Besides Mahanthappa the group consists of guitarist Rez Abbasi and drummer/tablaist Dan Weiss, with the occasional bit of electronic enhancement floating in the background. Overall, the music is very tight and forceful. "Snap" best displays its general setup: Mahanthappa's alto snakes around wildly in the lead, as Abbasi accompanies him with deep, twangy low-register chords like Gabor Szabo; and Weiss percolates behind on tabla or trap drums. However, every other track adds different details to the template.
"Can-Did" is taken at a slower tempo with Abbasi's guitar getting an opportunity to really resonate. "Showcase" settles into a swaggering rock groove, with Mahanthappa playing slippery soul lines as Abbasi picks flinty rhythm chords, a sound that slowly slips into abstraction as glassy synthesizers appear in the background and Weiss switches from tabla to crashing drums.
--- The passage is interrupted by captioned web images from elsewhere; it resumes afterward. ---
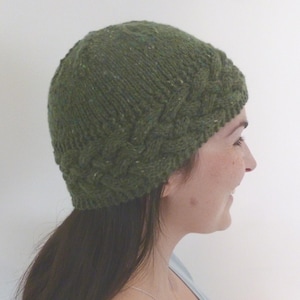 May include: A forest green knit beanie featuring a textured cable knit pattern around the brim and a smooth stockinette stitch on the crown. The yarn has subtle flecks of lighter green and brown throughout the dark green base color.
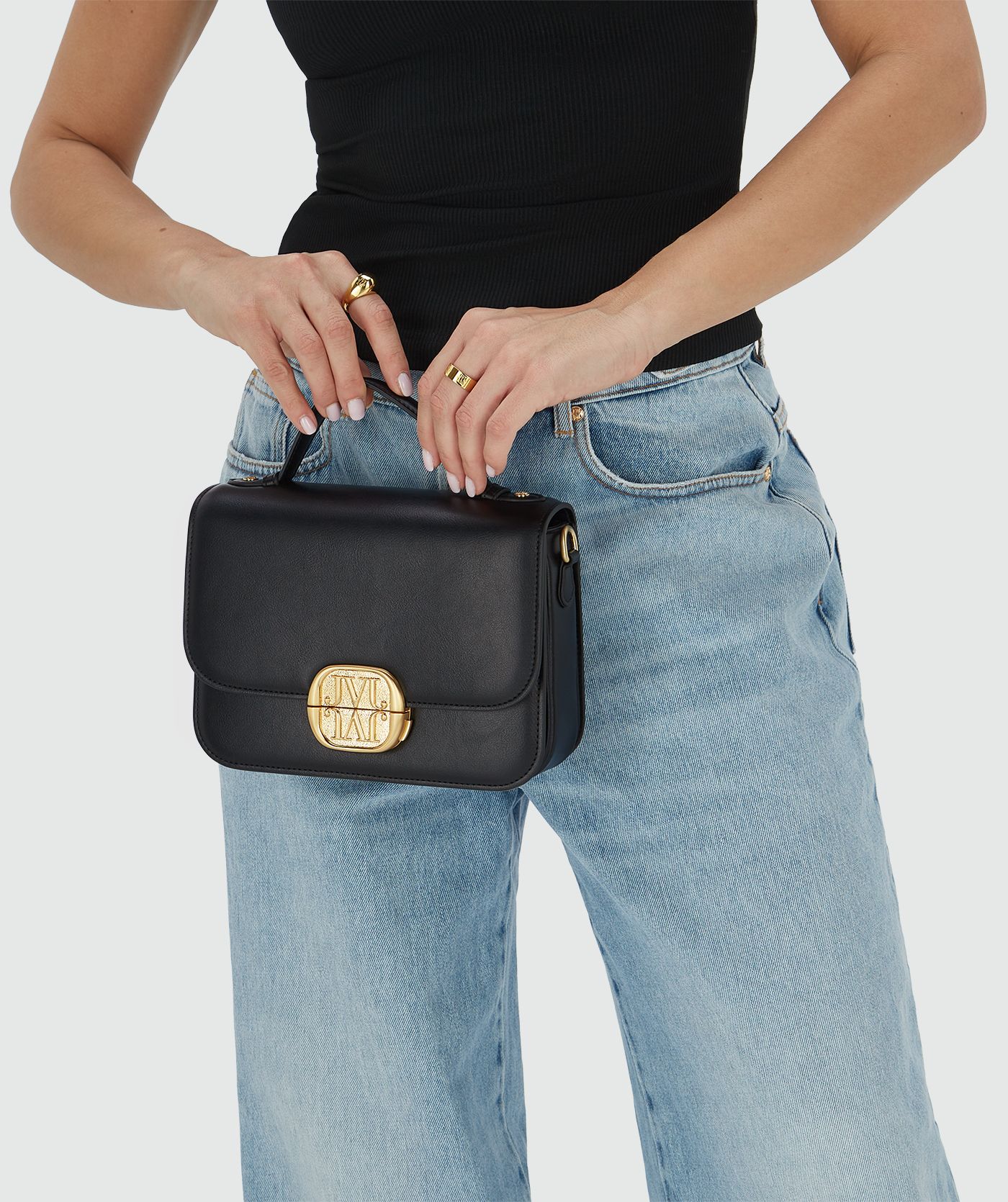 Het model houdt een tas in het zwart met een goudkleurige bucklesluiting vast aan het handhengsel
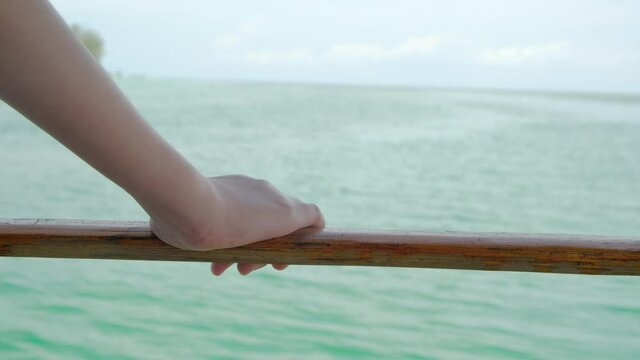 Close up shot of young woman's hand holding wooden railing, standing looking at the outdoor natural landscape of the green sea as the raft moves forward to the sea. in the summer holidays.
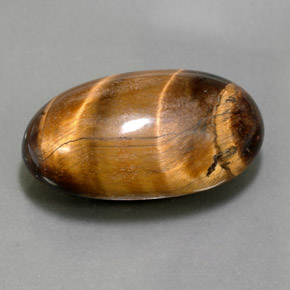 Tiger's eye marrón natural de 26,13 ct, corte óvalo, opaco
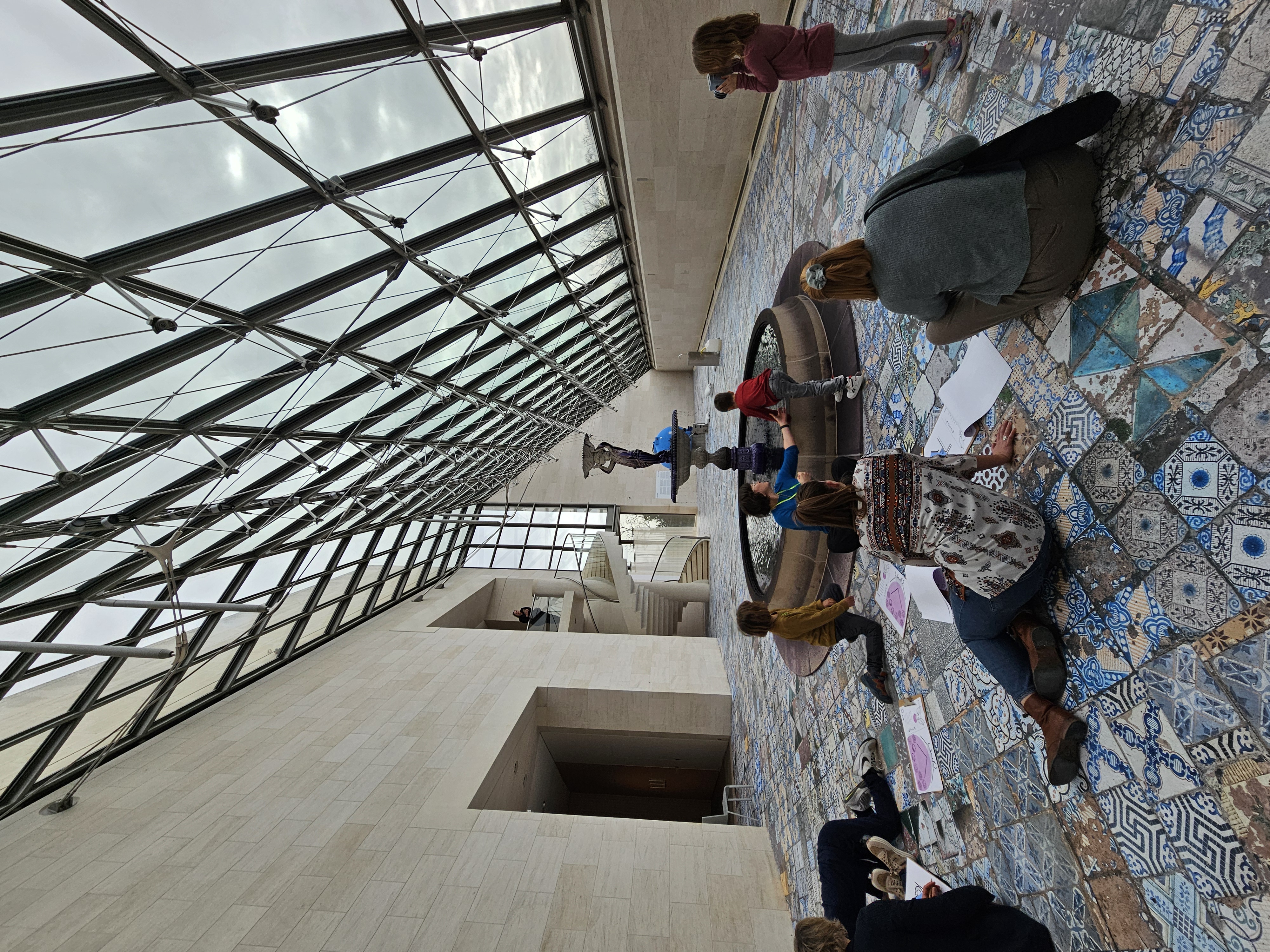 Kids examining a fountain inside a building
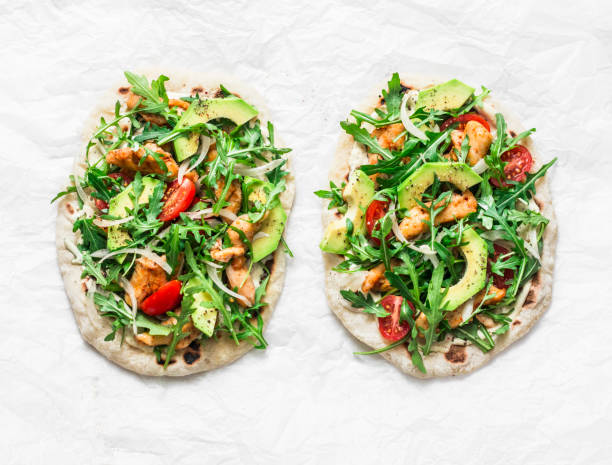 istock Pan-fried flatbread chicken, avocado, tomatoes, arugula pizza on a light background, top view 1136183194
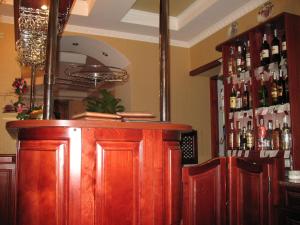 a bar with wooden cabinets and bottles of alcohol at Готель Преміум in Lviv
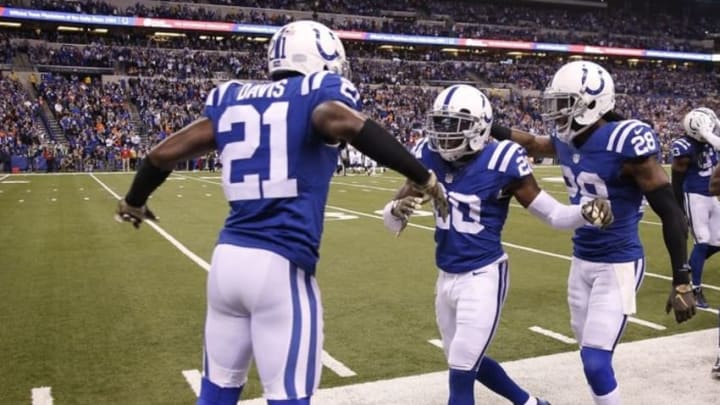 Nov 8, 2015; Indianapolis, IN, USA; Indianapolis Colts cornerback Darius Butler (20) is congratulated by his teammates after making an interception against the Denver Broncos in the 4th quarter at Lucas Oil Stadium. Indianapolis defeats Denver 27-24. Mandatory Credit: Brian Spurlock-USA TODAY Sports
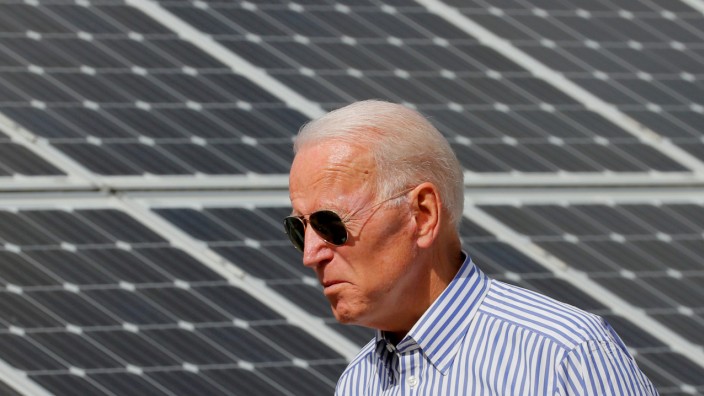 FILE PHOTO: Democratic 2020 U.S. presidential candidate Biden walks past solar panels in Plymouth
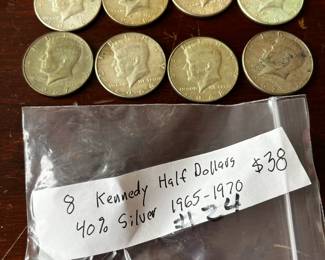 #24	8 kennedy half dollars 40 % silver 1965-70	 $38.00 
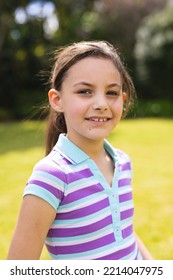 Vertical Portrait Of Young Caucasian Girl Wearing Striped T-shirt And Standing In The Garden. Spending Time Alone Outside Concept.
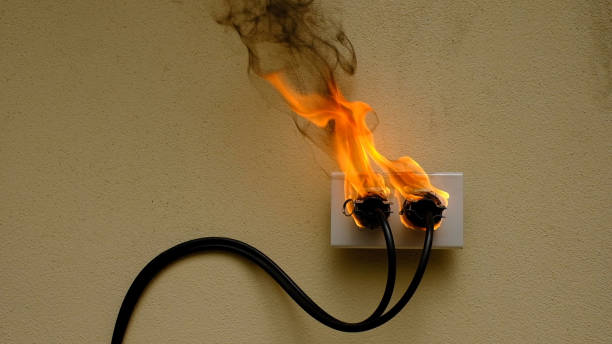 istock On fire electric wire plug Receptacle on the concrete wall background 1278826076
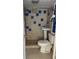 Bathroom featuring a pedestal sink and tiled shower at 2601 Gulf N Dr # B16, Bradenton Beach, FL 34217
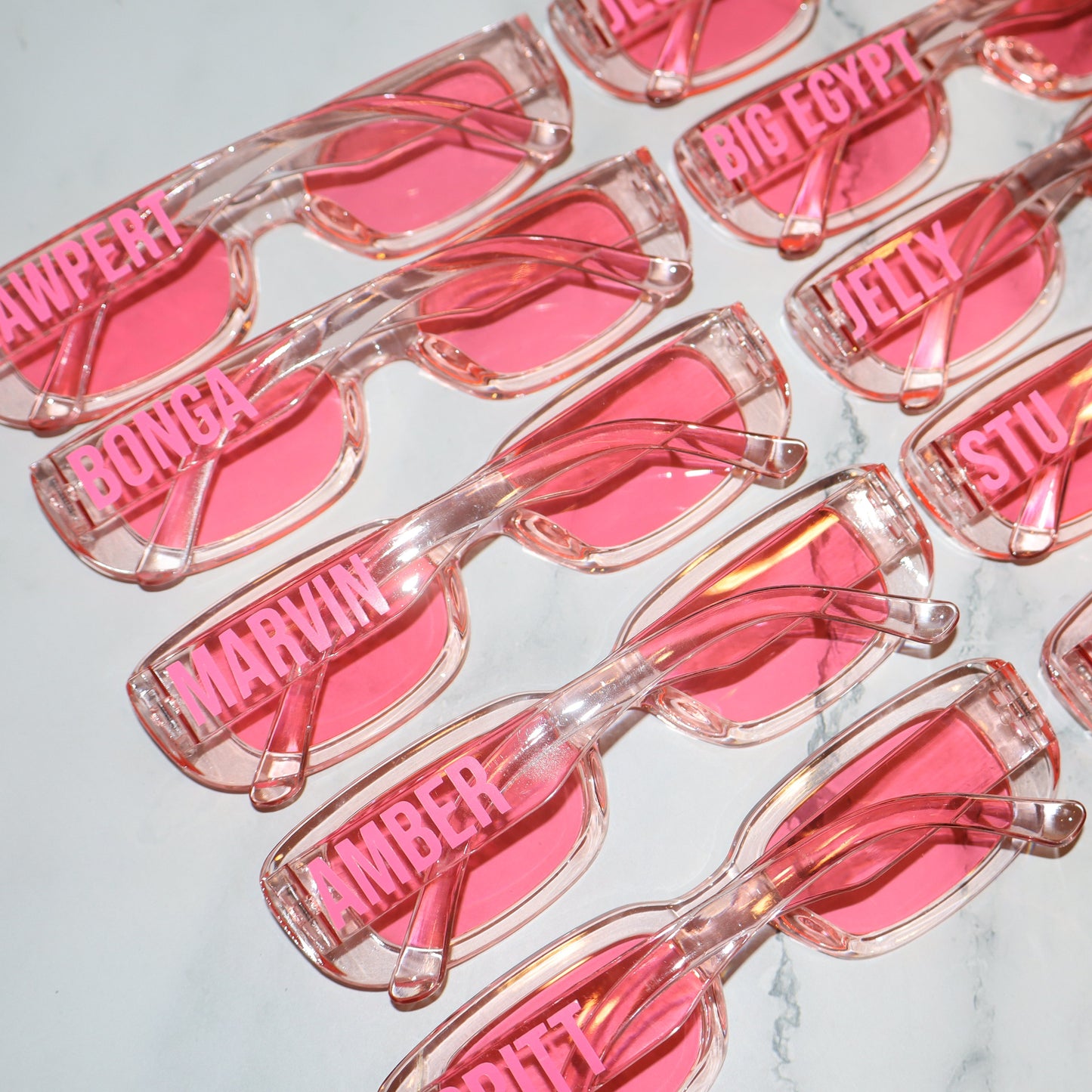 Pink sunglasses with names on a marble surface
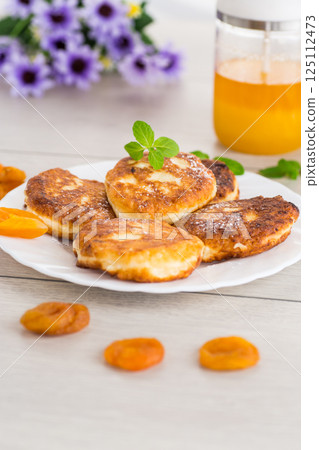 Homemade cheese pancakes with a delicate texture and aromatic dried apricots Homemade cheese pancakes with a delicate texture and aromatic dried apricots 125112473
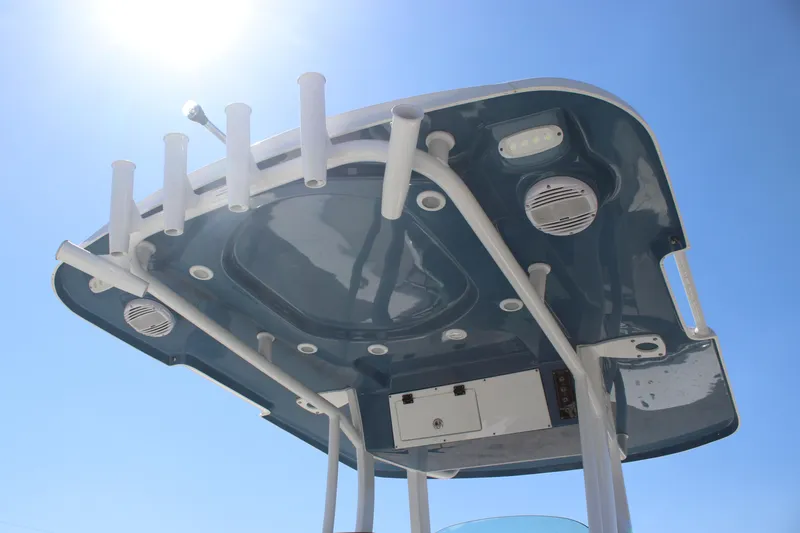 Slide: The Image of 2023 Sea Pro 239 Center Console T-top with rod holders under clear blue sky. - 13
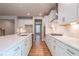Modern kitchen features white cabinets, quartz countertops, stainless steel appliances, and hardwood floors at 4082 Adler Cir, Buford, GA 30519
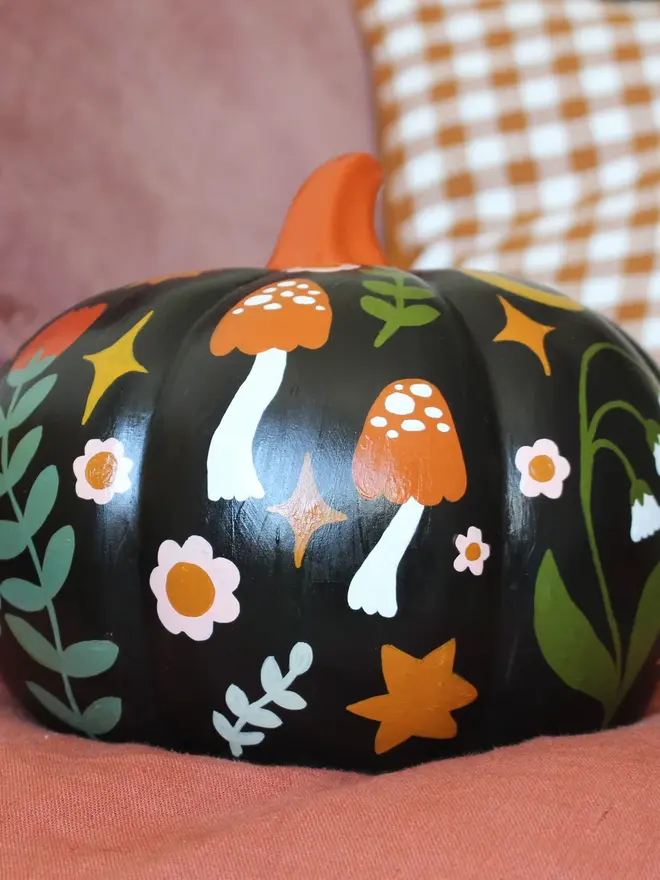hand-painted folk art ceramic pumpkin. a black ceramic pumpkin painted with mushrooms and flowers.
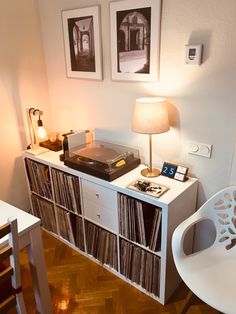 a record player sitting on top of a white shelf next to a table with a lamp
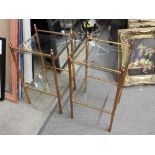 A pair of early 20th Century brass and glass two tiered whatnots/occasional tables with acorn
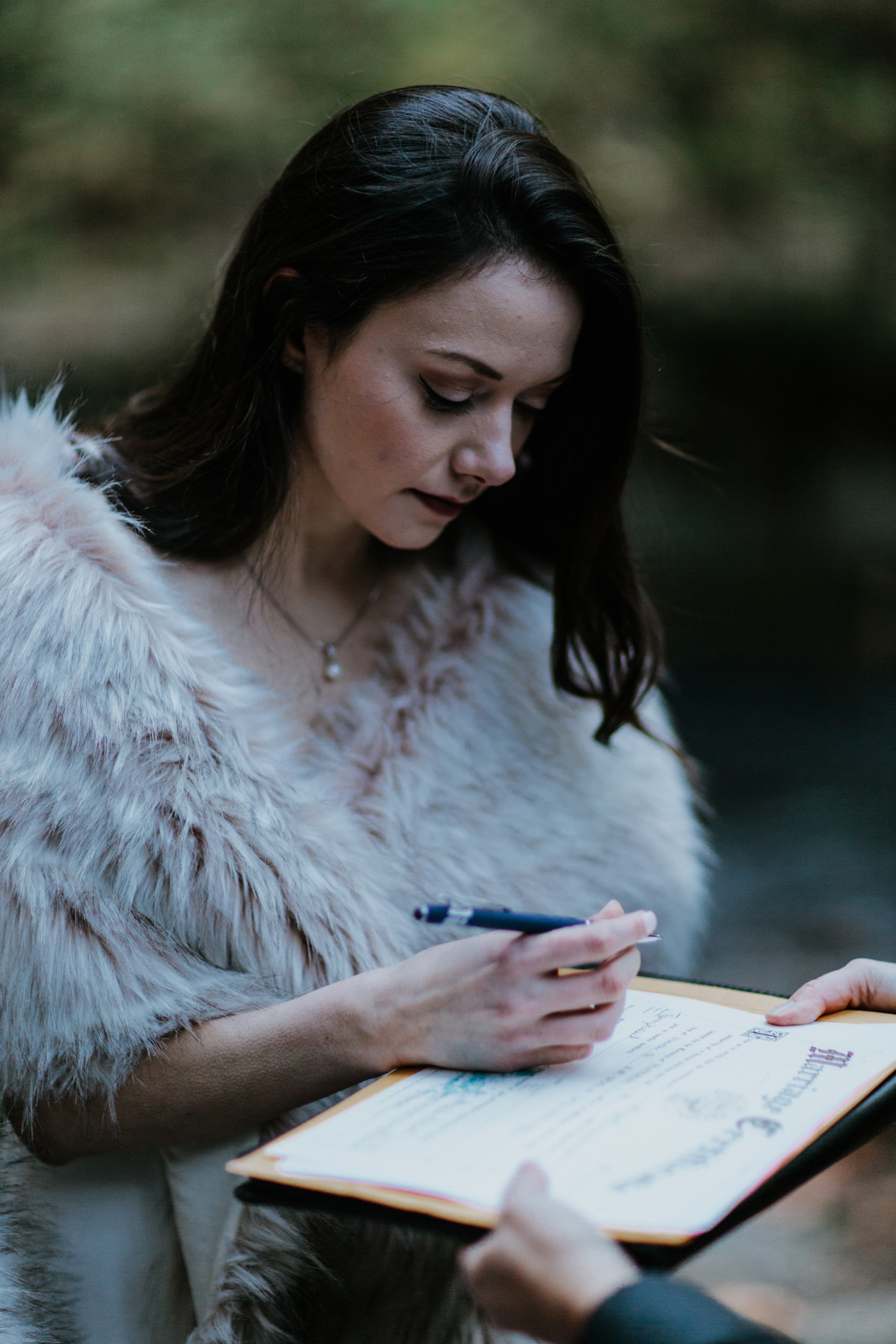Hayley signs paperwork. Elopement photography at the Columbia River Gorge by Sienna Plus Josh.
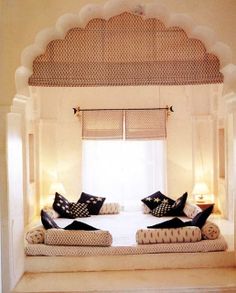 two beds in a room with white walls and curtains on the windowsills are decorated with black and white pillows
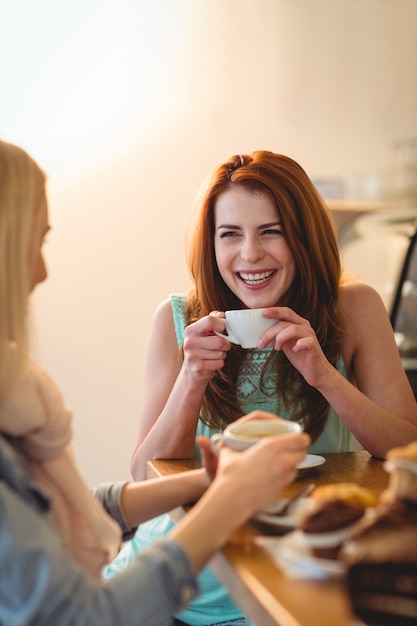 Vrolijke vrouwen sprekende vriend bij koffiewinkel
Synthesizers actually begin the title track playing a dizzying roller coaster melody with drum accompaniment. Then the rest of the trio joins in, following the synth lines before going unexpectedly into an Irish reel, with Mahanthappa dancing a jig in the foreground and Abbasi slamming wide power chords.
"Revati" starts with ghostly electronic sounds surrounding Abbasi's twisted guitar manipulations, before Mahanthappa bears in with a slow, serpentine melody that gets faster, as Abbasi comes down with heavy rock rhythm guitar. "Rasikapriya" and "Take-Turns" both begin with loops or cloudy abstractions, and go on to alto and guitar doing frantic solo tears that evoke vintage Mahavishnu Orchestra. The soul in Mahanthappa's tone is clear amidst all his rapid-fire buzzing, while Abbasi's dizzying runs are pure psychedelic rock. This release is enjoyable in itself but these guys sound like they had so much fun just creating this in a recording studio; how powerful they must sound in concert.